Task to carry out: Up to and including the line with "Lobbes Akku-Staubsauger mit Düsen", restate the material below word for word, beginning with its first line.

The input:

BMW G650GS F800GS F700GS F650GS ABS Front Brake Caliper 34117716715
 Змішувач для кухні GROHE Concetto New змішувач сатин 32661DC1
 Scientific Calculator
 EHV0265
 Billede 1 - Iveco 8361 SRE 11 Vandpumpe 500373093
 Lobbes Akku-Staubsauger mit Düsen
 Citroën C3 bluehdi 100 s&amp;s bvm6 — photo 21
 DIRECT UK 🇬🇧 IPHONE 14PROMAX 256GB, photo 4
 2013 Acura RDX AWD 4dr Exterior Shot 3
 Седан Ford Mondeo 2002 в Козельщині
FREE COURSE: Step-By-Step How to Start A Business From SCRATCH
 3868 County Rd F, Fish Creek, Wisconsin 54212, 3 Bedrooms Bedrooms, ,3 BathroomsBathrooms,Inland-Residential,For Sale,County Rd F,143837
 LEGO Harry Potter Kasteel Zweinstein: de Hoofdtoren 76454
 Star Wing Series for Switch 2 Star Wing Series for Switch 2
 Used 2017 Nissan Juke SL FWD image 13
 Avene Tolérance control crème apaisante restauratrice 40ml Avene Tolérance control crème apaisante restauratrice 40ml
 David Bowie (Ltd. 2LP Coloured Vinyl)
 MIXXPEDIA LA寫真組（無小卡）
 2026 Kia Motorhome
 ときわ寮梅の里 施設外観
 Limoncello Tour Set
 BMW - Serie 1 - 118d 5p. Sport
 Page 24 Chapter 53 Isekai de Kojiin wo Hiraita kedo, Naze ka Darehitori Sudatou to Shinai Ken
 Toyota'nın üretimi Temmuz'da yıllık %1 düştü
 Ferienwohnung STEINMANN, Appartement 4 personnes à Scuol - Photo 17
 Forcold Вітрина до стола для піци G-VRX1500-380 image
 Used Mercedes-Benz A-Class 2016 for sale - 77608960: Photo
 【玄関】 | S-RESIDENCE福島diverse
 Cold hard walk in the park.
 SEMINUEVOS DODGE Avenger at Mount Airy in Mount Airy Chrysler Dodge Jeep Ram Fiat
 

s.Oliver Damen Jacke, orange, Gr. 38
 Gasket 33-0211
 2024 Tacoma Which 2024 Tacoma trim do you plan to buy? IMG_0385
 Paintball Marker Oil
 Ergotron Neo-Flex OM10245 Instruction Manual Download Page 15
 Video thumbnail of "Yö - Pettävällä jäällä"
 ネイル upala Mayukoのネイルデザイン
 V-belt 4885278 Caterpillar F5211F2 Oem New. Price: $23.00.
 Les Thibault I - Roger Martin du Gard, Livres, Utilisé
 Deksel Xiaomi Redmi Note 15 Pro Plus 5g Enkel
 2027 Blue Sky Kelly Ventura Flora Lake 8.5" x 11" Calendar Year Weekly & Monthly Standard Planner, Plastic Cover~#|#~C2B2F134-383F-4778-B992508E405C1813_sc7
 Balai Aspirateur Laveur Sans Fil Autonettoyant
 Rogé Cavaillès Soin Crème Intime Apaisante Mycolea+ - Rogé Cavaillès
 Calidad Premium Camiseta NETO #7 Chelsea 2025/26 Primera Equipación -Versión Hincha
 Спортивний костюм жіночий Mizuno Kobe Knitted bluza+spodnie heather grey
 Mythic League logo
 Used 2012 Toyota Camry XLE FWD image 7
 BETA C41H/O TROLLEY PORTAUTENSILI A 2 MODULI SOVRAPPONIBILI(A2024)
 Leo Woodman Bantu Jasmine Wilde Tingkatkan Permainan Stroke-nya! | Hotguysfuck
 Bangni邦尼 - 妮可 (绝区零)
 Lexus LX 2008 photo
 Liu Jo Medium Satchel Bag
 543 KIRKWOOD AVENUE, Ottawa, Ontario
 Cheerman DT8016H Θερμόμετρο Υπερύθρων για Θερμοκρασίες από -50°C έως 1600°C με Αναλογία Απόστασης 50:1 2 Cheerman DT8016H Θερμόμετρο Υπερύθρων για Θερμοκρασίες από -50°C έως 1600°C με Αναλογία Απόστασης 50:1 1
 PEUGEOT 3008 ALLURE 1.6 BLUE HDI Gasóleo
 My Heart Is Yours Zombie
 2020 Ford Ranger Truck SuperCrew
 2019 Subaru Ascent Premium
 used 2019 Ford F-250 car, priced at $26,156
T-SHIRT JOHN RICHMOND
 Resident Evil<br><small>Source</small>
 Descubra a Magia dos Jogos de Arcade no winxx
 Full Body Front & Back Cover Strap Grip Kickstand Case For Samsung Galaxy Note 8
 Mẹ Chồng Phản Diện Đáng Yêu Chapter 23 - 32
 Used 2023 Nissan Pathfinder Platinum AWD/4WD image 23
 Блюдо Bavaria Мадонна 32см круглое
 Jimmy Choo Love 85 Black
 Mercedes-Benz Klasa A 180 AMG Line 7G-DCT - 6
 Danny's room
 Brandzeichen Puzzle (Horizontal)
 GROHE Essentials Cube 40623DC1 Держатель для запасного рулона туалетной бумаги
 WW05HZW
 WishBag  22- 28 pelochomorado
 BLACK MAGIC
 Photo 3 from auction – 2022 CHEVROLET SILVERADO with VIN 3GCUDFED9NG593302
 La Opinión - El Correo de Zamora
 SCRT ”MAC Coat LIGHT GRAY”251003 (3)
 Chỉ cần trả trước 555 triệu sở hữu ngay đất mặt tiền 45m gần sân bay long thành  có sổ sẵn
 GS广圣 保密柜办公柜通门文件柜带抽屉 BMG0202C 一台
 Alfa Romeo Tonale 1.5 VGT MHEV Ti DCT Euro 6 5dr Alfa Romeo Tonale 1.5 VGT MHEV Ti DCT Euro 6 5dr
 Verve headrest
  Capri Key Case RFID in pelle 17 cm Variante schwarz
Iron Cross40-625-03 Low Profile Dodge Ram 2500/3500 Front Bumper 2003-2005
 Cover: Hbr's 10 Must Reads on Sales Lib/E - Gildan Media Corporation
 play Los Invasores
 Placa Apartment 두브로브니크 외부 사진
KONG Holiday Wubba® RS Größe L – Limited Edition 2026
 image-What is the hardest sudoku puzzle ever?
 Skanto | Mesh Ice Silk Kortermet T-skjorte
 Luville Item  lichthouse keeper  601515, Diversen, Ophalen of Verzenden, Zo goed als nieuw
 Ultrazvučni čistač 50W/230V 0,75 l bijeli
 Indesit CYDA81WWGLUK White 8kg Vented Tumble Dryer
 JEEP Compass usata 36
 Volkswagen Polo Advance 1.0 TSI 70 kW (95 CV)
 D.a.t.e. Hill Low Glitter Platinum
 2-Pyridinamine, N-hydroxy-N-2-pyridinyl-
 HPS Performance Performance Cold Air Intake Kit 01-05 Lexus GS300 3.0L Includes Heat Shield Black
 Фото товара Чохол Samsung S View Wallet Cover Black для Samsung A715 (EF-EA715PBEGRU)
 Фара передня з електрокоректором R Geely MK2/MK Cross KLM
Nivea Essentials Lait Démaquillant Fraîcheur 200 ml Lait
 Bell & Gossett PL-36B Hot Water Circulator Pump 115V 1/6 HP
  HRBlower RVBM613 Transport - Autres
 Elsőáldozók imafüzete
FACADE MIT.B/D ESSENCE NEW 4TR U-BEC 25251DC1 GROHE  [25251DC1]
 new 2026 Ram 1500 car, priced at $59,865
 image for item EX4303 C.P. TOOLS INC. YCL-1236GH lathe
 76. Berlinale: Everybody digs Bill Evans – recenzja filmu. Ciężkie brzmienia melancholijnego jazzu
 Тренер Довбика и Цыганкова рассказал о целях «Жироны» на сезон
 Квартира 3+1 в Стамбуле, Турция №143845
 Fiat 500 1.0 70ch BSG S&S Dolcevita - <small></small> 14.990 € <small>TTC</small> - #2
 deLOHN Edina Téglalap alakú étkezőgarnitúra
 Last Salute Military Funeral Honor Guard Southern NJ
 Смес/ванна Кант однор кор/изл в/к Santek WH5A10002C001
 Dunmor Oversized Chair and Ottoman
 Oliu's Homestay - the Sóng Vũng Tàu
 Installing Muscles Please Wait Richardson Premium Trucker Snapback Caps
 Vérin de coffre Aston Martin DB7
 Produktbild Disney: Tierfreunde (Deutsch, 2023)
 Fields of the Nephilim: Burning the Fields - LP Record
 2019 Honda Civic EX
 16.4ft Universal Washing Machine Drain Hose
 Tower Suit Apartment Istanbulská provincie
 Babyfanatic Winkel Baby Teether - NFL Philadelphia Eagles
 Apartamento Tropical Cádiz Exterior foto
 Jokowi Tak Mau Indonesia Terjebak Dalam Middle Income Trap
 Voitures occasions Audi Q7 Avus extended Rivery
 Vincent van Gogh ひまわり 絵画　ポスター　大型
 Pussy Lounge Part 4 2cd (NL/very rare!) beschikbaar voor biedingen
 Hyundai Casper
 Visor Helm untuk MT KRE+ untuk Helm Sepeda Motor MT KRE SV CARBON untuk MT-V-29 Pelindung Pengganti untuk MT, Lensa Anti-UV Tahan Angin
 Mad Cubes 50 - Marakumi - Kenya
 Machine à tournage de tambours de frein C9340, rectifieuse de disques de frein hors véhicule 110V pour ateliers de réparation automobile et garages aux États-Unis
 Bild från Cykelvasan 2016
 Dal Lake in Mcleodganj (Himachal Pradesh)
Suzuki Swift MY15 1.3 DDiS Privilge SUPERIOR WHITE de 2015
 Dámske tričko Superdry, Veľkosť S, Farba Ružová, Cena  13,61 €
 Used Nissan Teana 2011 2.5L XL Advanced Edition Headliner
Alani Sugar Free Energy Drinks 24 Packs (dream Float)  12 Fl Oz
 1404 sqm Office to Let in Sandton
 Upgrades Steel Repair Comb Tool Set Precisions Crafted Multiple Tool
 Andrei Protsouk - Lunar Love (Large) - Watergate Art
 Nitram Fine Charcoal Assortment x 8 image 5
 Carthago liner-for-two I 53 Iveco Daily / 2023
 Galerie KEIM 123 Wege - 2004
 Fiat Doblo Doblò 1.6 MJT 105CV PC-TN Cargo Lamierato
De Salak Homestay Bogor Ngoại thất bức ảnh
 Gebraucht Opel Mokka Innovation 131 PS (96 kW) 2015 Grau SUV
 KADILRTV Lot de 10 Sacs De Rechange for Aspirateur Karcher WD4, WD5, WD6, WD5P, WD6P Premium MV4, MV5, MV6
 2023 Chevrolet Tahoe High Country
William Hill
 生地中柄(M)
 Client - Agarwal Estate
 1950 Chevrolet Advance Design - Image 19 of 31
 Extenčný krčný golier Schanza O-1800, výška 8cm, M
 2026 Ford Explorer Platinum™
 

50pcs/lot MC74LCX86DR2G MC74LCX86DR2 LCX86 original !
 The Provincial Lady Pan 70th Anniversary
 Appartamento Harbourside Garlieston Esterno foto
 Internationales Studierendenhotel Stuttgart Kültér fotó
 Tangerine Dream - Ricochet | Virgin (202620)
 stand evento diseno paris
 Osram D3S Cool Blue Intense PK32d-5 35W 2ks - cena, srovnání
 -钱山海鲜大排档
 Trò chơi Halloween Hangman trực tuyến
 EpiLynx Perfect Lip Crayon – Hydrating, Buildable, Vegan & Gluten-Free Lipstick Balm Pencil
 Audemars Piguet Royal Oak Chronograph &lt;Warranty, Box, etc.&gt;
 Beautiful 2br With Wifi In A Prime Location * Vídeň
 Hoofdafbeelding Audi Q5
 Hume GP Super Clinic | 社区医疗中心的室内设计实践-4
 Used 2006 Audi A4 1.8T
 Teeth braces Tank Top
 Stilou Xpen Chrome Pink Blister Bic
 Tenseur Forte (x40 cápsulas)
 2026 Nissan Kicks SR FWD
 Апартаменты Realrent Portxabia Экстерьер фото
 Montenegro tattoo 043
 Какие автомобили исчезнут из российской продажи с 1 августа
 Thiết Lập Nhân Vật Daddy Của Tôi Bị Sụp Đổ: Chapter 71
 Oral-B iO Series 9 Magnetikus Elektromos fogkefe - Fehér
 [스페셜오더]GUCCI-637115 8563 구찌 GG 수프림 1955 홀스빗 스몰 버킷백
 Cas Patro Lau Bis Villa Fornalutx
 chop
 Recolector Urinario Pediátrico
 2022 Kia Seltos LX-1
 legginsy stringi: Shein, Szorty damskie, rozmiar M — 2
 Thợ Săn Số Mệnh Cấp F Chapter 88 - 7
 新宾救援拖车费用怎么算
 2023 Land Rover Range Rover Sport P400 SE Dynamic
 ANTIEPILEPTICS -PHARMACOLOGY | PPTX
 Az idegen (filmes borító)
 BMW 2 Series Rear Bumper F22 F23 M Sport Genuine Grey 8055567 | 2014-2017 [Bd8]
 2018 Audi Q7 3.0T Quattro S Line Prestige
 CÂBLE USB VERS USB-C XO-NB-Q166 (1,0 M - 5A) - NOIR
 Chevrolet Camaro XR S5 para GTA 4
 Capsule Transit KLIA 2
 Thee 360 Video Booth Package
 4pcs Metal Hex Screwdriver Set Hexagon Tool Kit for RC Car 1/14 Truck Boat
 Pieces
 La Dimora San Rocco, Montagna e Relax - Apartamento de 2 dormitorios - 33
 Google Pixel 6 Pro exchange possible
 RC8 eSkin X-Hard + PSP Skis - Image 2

Response for this exercise:
BMW G650GS F800GS F700GS F650GS ABS Front Brake Caliper 34117716715
 Змішувач для кухні GROHE Concetto New змішувач сатин 32661DC1
 Scientific Calculator
 EHV0265
 Billede 1 - Iveco 8361 SRE 11 Vandpumpe 500373093
 Lobbes Akku-Staubsauger mit Düsen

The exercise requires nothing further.